**WHAT IS BEING ASKED:** The entries below contain a line with "Home Bar Design" and a line with "Женская голубая футболка". Quote exactly those two lines and all lines between them.
-- WORKING DATA follows --
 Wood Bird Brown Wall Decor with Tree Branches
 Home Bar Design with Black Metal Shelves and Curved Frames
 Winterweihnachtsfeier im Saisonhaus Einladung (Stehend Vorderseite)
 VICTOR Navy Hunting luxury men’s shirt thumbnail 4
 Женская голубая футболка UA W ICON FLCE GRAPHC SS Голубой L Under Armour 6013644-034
-- WORKING DATA concluded --
-- WORKING DATA follows --
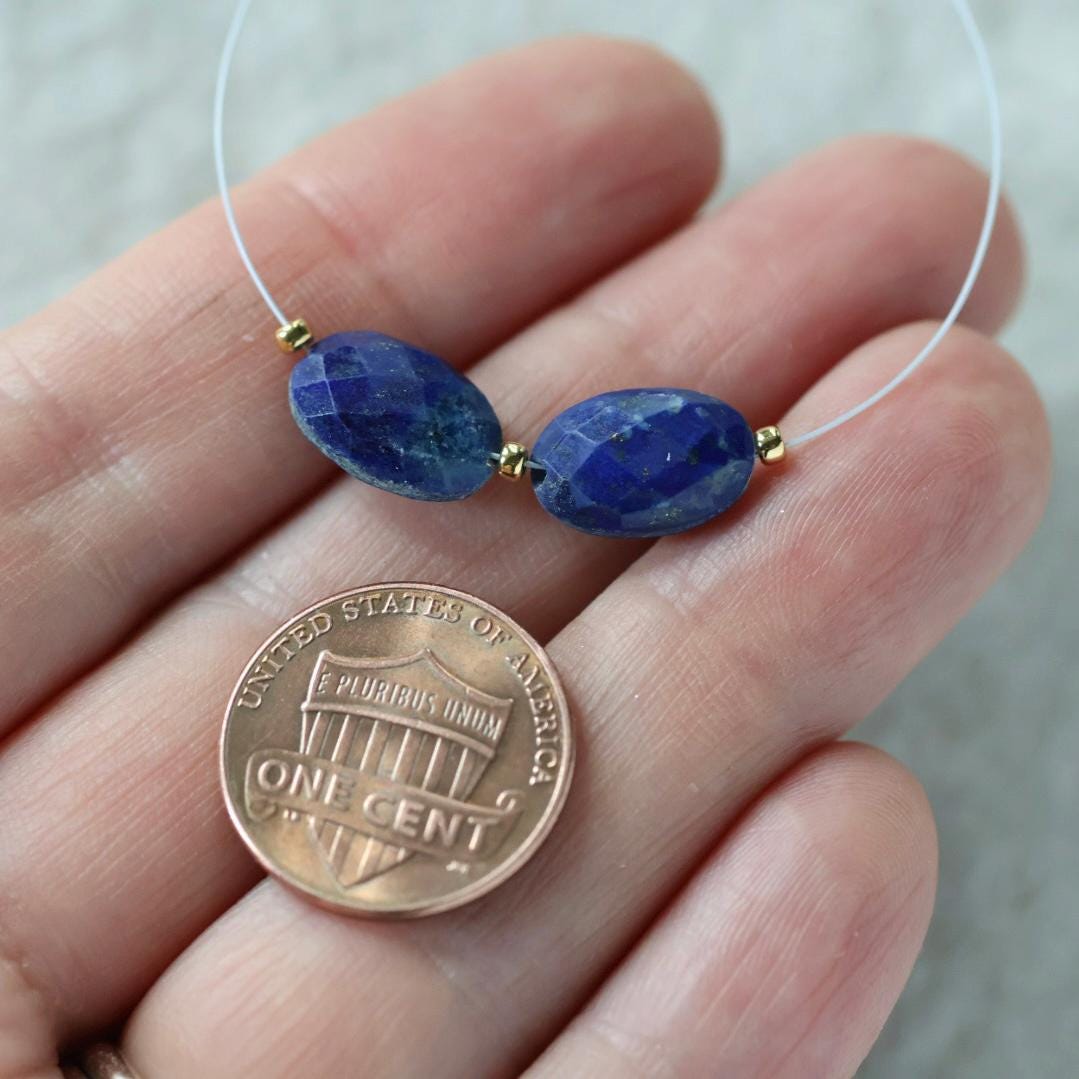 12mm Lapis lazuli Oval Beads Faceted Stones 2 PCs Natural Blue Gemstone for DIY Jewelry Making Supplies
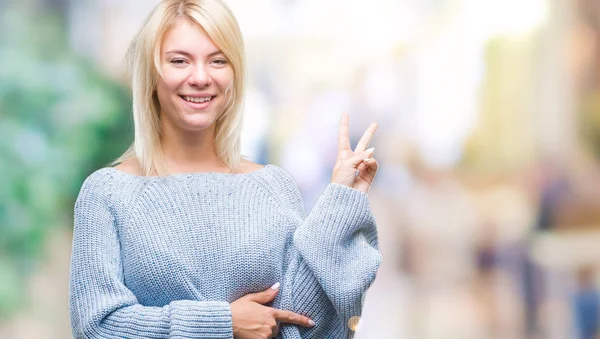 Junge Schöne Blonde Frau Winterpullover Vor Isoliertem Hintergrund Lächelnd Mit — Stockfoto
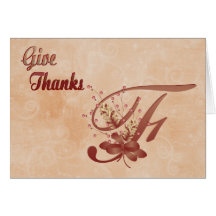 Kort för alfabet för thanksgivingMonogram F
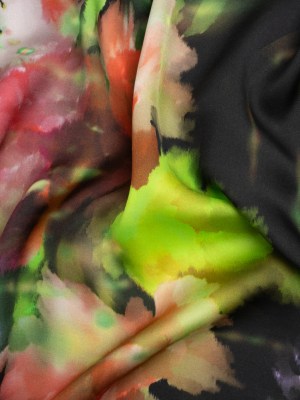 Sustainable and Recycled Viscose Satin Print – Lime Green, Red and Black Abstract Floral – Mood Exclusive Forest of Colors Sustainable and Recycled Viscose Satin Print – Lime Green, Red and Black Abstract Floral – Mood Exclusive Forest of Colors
-- WORKING DATA concluded --
-- WORKING DATA follows --
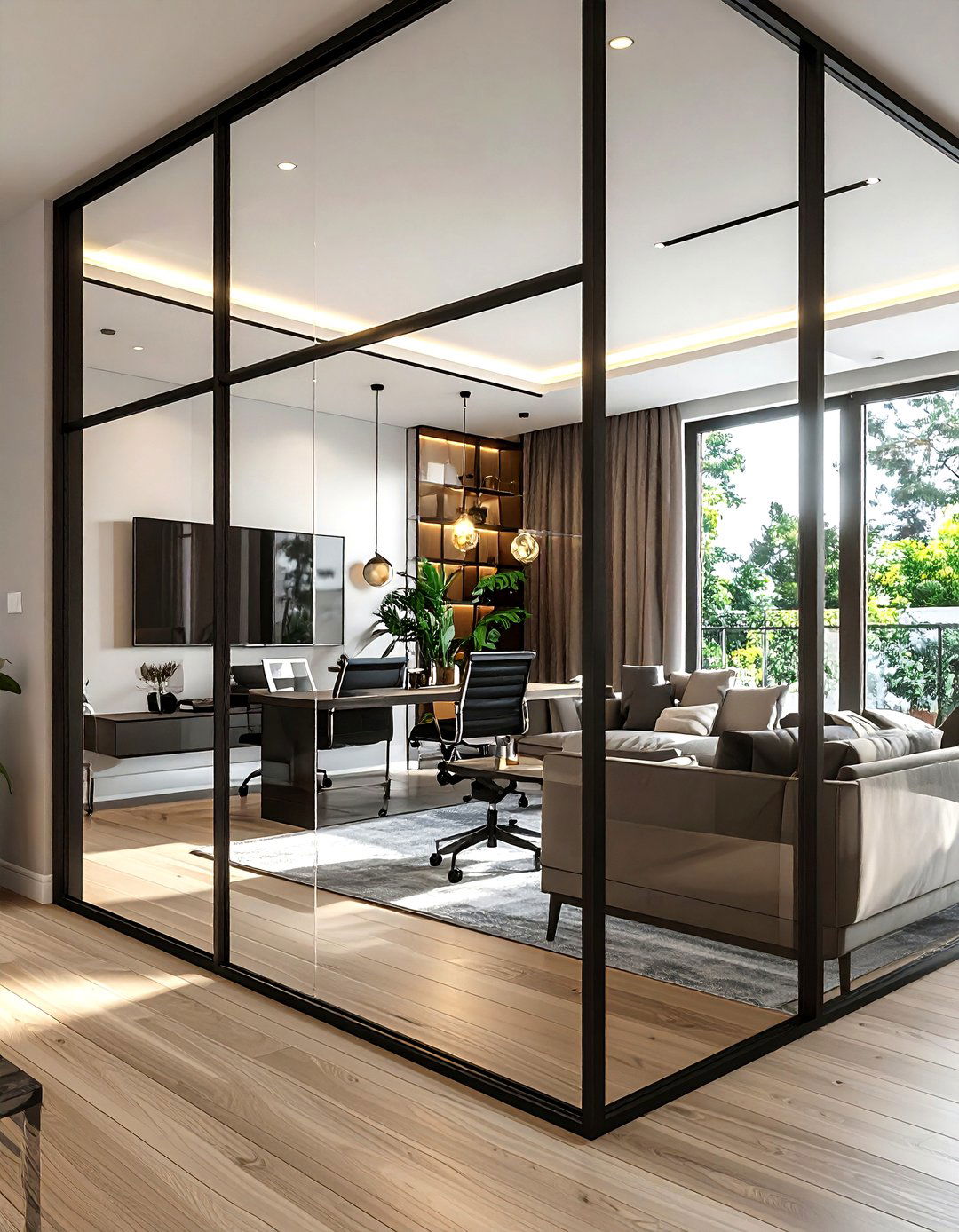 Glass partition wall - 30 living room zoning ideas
-- WORKING DATA concluded --
**TASK OUTPUT:**
 Home Bar Design with Black Metal Shelves and Curved Frames
 Winterweihnachtsfeier im Saisonhaus Einladung (Stehend Vorderseite)
 VICTOR Navy Hunting luxury men’s shirt thumbnail 4
 Женская голубая футболка UA W ICON FLCE GRAPHC SS Голубой L Under Armour 6013644-034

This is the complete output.